A few nights ago, while picking my daughter up from a friend’s house, I discovered something shocking. Heartbreaking. It looks like my childhood home will be torn to the ground soon, to make room for more college housing. I grew up next door to my husband’s grandma, and her house is already gone. The beautiful old rock home on the other side of my house is also getting ready to be leveled too. I used to babysit in that house, years ago. It is a stunning piece of history, that is nothing more than an obstacle standing in the way of land developers. The neighborhoods that I played in as a kid are rapidly vanishing, being replaced with massive apartment complexes and parking structures.

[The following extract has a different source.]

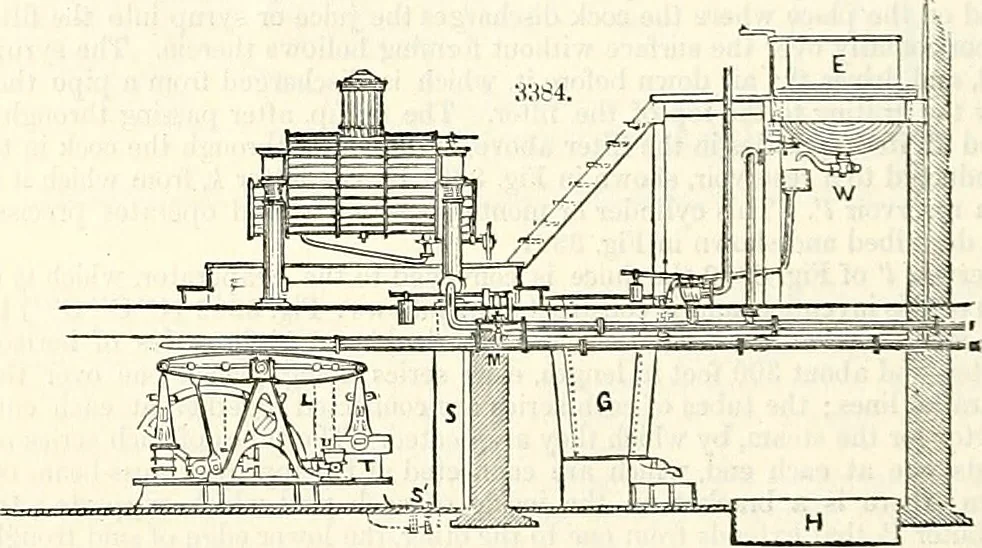 An illustration from Appleton's dictionary of machines, mechanics, engine-work, and engineering : illustrated with four thousand engravings on wood ; in two volumes, 1873, leaf 693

Our home was built in 1940, a charming old stucco house with hardwood floors, arched doorways, and plaster walls. I was 6 years old when we moved in. The house was painted pink, pepto pink, and my moms first order of business was to change that. My dad pressure washed the pink paint off, and a gentle buttercream yellow was sprayed on in it's place. The home belonged to an elderly lady named Mrs. Arnold before we moved in. She died in the house 6 months before we arrived. Frequently, when I would come home from school, I would see her sitting in the window of the living room, watching over us. She felt like a grandma, keeping an eye of all of the kids.

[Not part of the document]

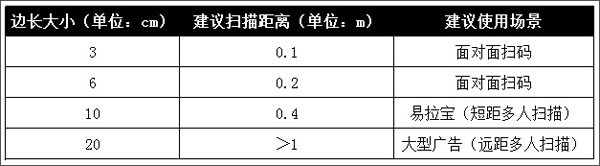 爱闯闯22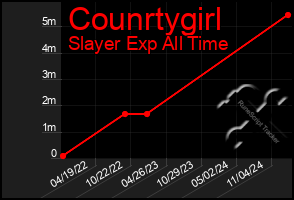 Total Graph of Counrtygirl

I want to fight the decimation of my home, my neighborhood, to protest, to chain myself to the lovely Quaking Aspen that my dad planted so many years ago in the front yard, or camp out under the carport where we played basketball every night, for so many years. I could hold a sit-in in the bedroom that my sister Kara and I shared forever. I could refuse to leave the living room that my sister Kristi and I practiced our clarinets for hours on end. We could sit in the tiny dining room that we shared so many happy moments in with our parents and lock elbows. I want to walk down those stairs that we used to slide down on sleds a few more times, and wonder how we managed not to break any bones. I want to lay on the floor in my parents’ bedroom and remember how many nights I was consoled there after a nightmare, as I was prone to having. I want to sneak into the closet full of hobo spiders that we would peek into boxes and bags of unwrapped Christmas gifts. I want to sneak out under the giant old Weeping Willow tree in the backyard and kiss my husband, the way we used to do when we were teenagers. I want to climb up into the old attic that we used to play in for hours, listening to our mom's Woodstock album and trying on her old hippie clothes.

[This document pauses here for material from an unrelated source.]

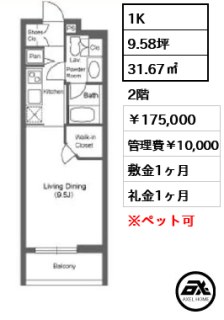 ストーリア神宮前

I know that it is just a house, a house I have not lived in since I was 19. I know that my memories are eternal, but I can’t believe how much this hurts. My sisters and I have grieved anew this week, like we are losing our parents all over again. We are going over to the house soon, to see if we can arrange a walk through. I want to share it with my kids. I want my kids to realize how precious these days, their childhoods, are. I want them to remember to savor the moments that we share, to seal them into their memories. And I need to remember that even through my grief; life is sweeter than it is bitter. It wouldn’t hurt so much if we didn’t love so much. And I would never trade that, for anything.